Friday, February 26, 2010

Migrating

Hi all.

I'm migrating my blog from here over to http://rorytulk.wordpress.com, soon to become www.rorytulk.com. Please adjust accordingly.

Sunday, February 7, 2010

Software Testing Techniques, an Empirical Approach

Proper software testing regimes are a cornerstone of effective software engineering. Progress has been made to teach students sound testing techniques, but improvement can still be made. My master's research supervisor and I conducted a study designed to empirically determine the difference in ability between student and professional software testers, and elicit from the experts behaviours or techniques which may be used to enhance undergraduate curriculum.

Our experimental setup consisted of in-lab observational sessions where subjects wrote thorough suites of JUnit tests for sample software we'd created. Subjects were drawn from the University of Toronto’s undergraduate computer science student body and professional developers from the Greater Toronto Area. The test code and video logs created during these sessions were examined for trends present in the student and professional groups.

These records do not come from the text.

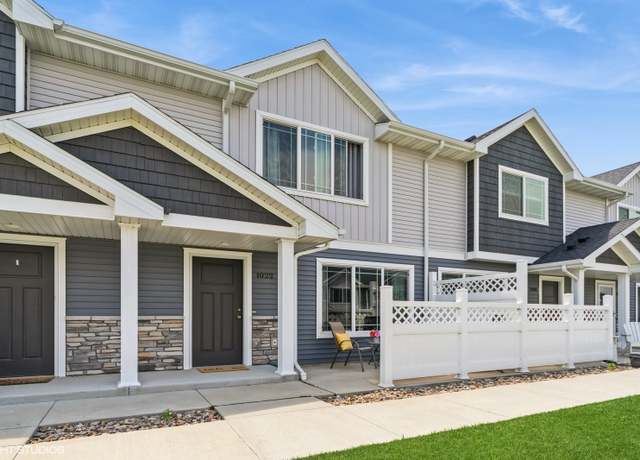Property at 1022 NE 57th Ln, Ankeny, IA 50021, 3 beds, 2.5 baths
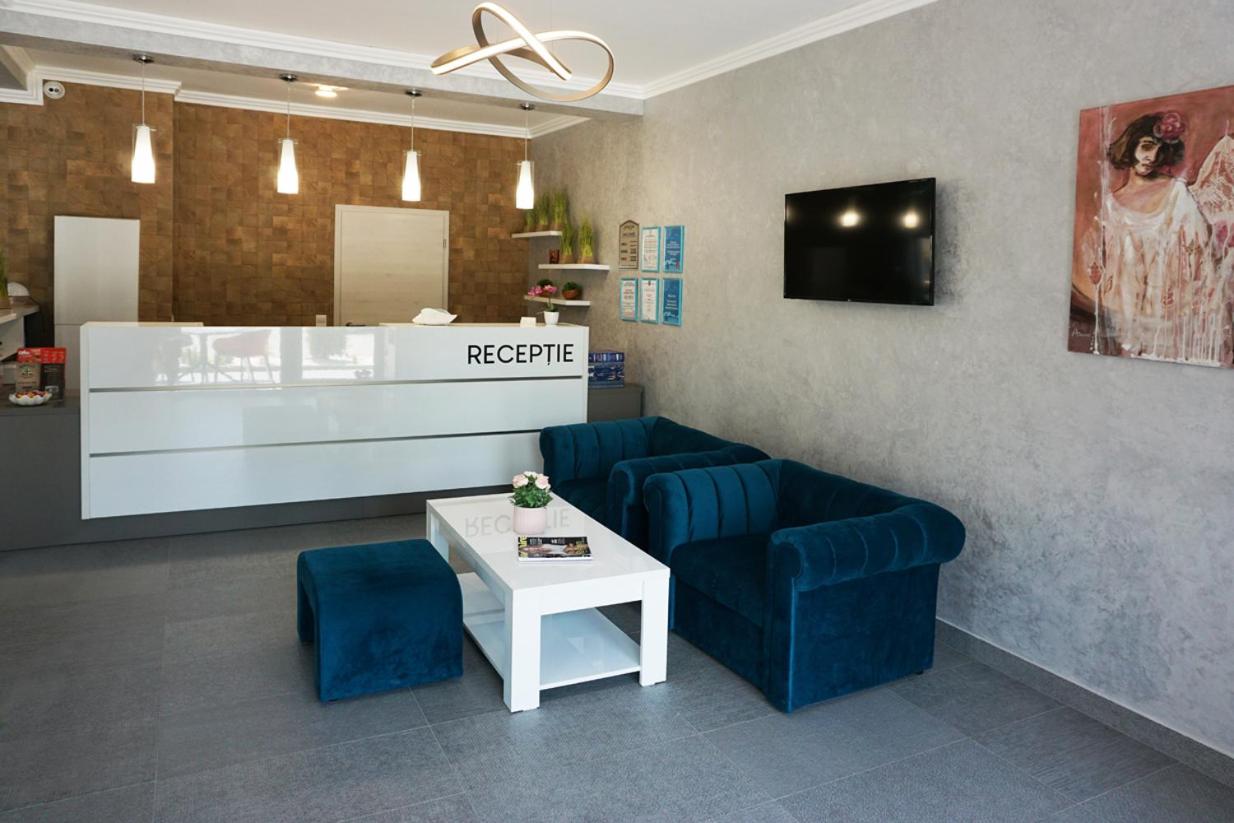 Vila Navona en Saturn — hotel reception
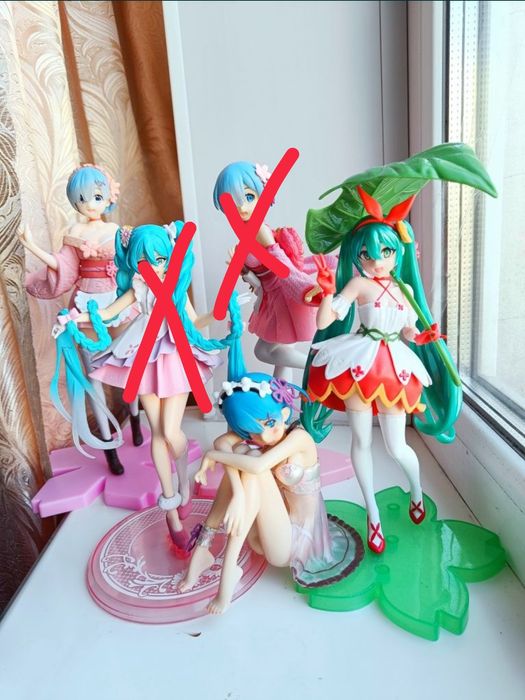 Аниме фигурки много разных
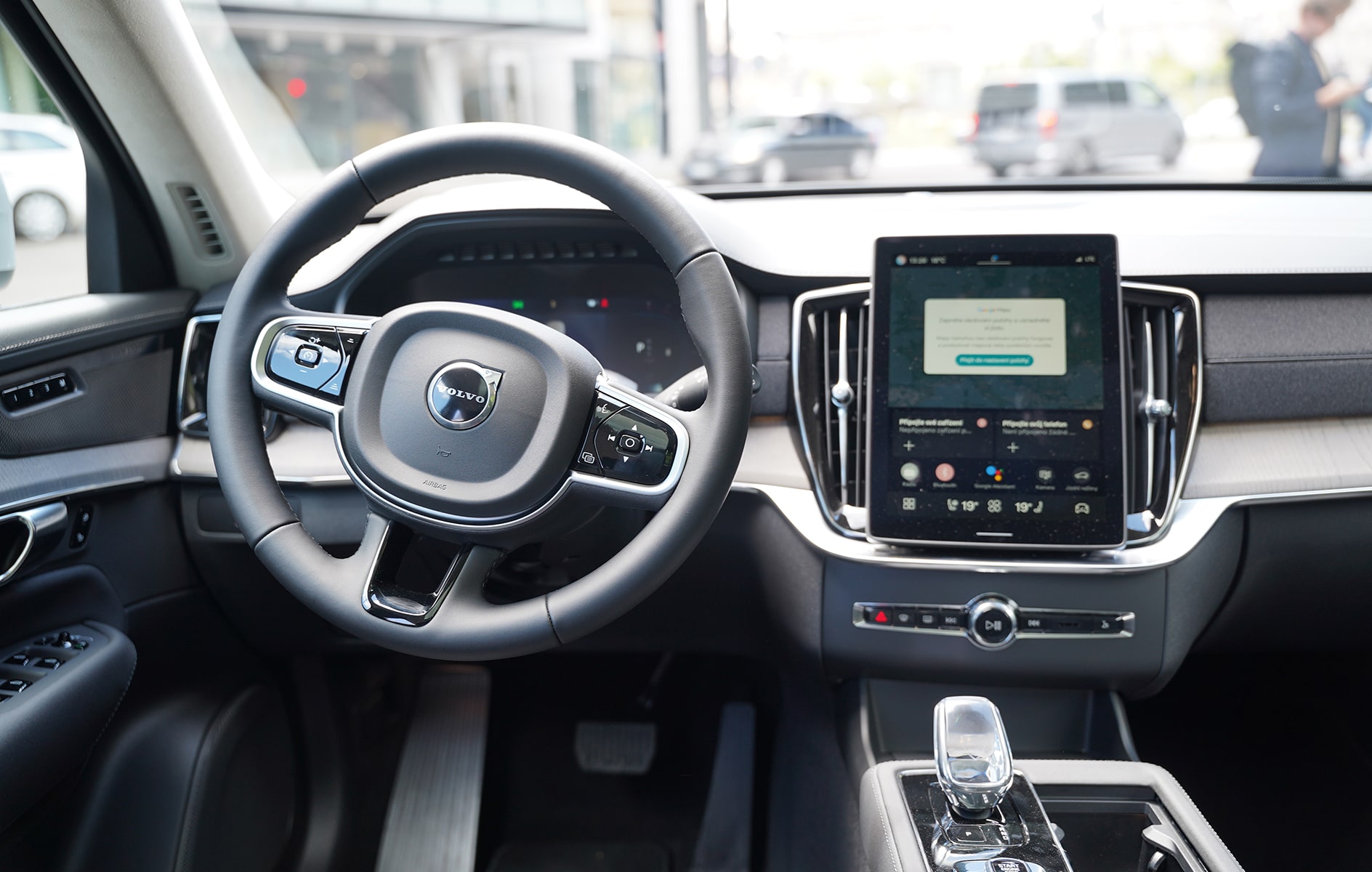 租一辆车 Volvo XC90 在布拉格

Our intuition going into the study was that professionals would find more defects with their test suites, an advantage stemming from some metric such as number of tests written, lines per test, code coverage per test, etc. Analysis of these metrics did not confirm these hypotheses, however. Students and professionals performed equally well in terms of number of bugs found. However, student code contained more defects and, more importantly, the types of bugs found differed strikingly between the two groups.

Bugs in the sample code were broken down into two categories: stateless and stateful. A stateless bug is uncovered by inputting invalid values into a method invocation, and the method returns invalid results or throws an exception. A stateful bug occurs when a method call corrupts the object's state, and so subsequent calls perform incorrectly. Students found a mix of stateless and stateful bugs in the code, with a strong majority being stateless. The professionals sampled found strictly stateful defects. There are several possible explanations for this effect, although no evidence to support one over the others is immediately apparent.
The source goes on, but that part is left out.